3. The Impact of Aging on Saving

   The analysis focuses on aggregate net saving, that is, the result of gross saving by active workers and gross dissaving by retired workers. I begin the analysis with some highly unrealistic assumptions about the hyperrationality of savers and then relax them after the mechanics of the model are clear.

   The Model

   For individuals, I start by assuming complete foresight and a lifetime income approach toward saving. With full knowledge of how their incomes will change up to their retirement, workers decide on their saving and consumption rate each year to achieve three goals: to maintain a constant level of consumption over their working lifetime, to have enough savings during their retirement to finance some selected fraction of this consumption each year thereafter, and to exhaust their savings in their final year. The future growth and interest rates of the economy are constant, which individuals know when making their saving decisions. (5) All workers are assumed to have the same annual income so that the results of the calculations for one worker can be easily aggregated for the entire working population. (6) The initial model also assumes an equilibrium situation, with the only shocks coming from the changing age structure, the changing life expectancy, and the changing retirement age that are introduced by the sim ulator. This simple approach allows the implications of the basic mechanism to be understood and the results to be presented in a systematic and quantitative fashion before complications are introduced.

   Each year, the L-T population estimates are divided between workers and retirees. Active workers include all those from 25 up to the age of retirement, and retired workers are all those over the preselected retirement age. (7) Of course, in the real world only a fraction of those between 25 and 65 participate in the labor force, and the number of retirees must be multiplied by a similar fraction to determine the number of retired workers. It should, however, be clear (and the simulation results confirm this intuition) that the chosen participation ratio has no impact on the simulation results about changes in the net saving rate. (8)

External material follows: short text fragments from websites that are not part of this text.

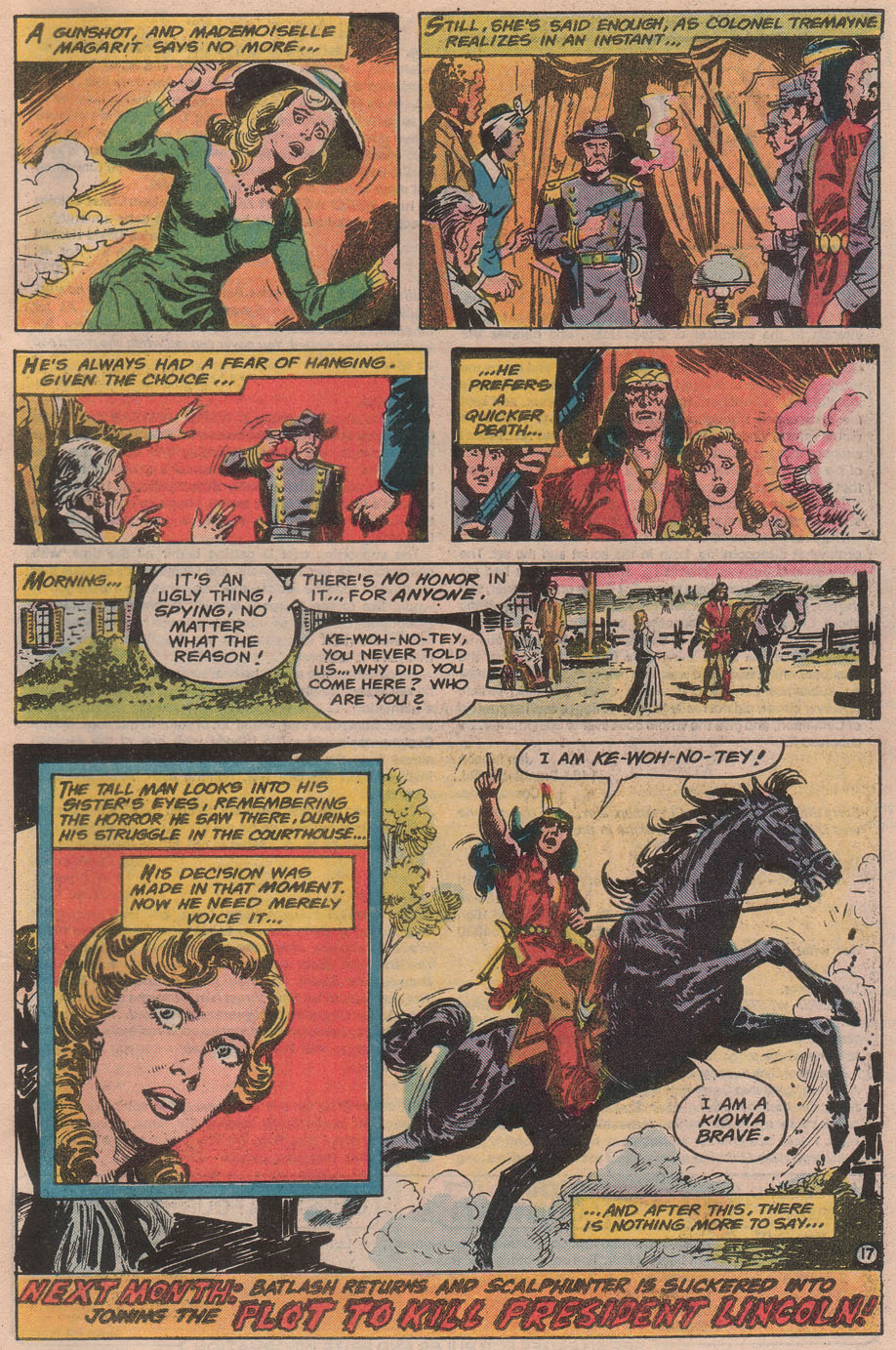 Read online Weird Western Tales (1972) comic -  Issue #51 - 31
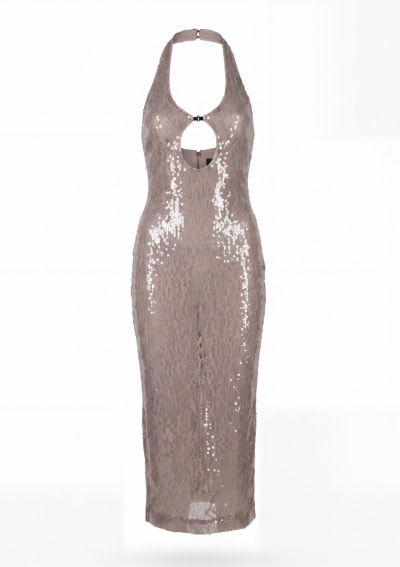 Sequined dress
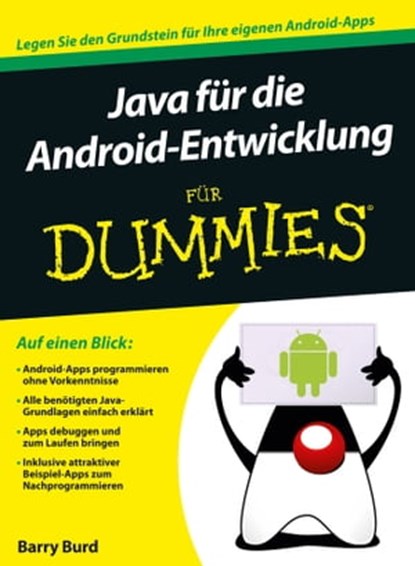 Java für die Android-Entwicklung für Dummies, Barry Burd - Ebook - 9783527686704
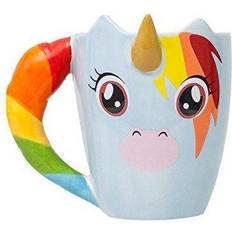 Handwash Cups Thumbs Up Unicorn Mug 30cl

   Workers are assumed to have labor income increasing at a fixed percentage each year for their working lifetime, which takes into account higher labor productivity due to technical change and capital accumulation. With a full knowledge of how their incomes will change up to their retirement, they save (or dissave) so as to have the same consumption every year of their working lifetime and, after retirement, to have enough savings to allow them a certain fraction of this consumption...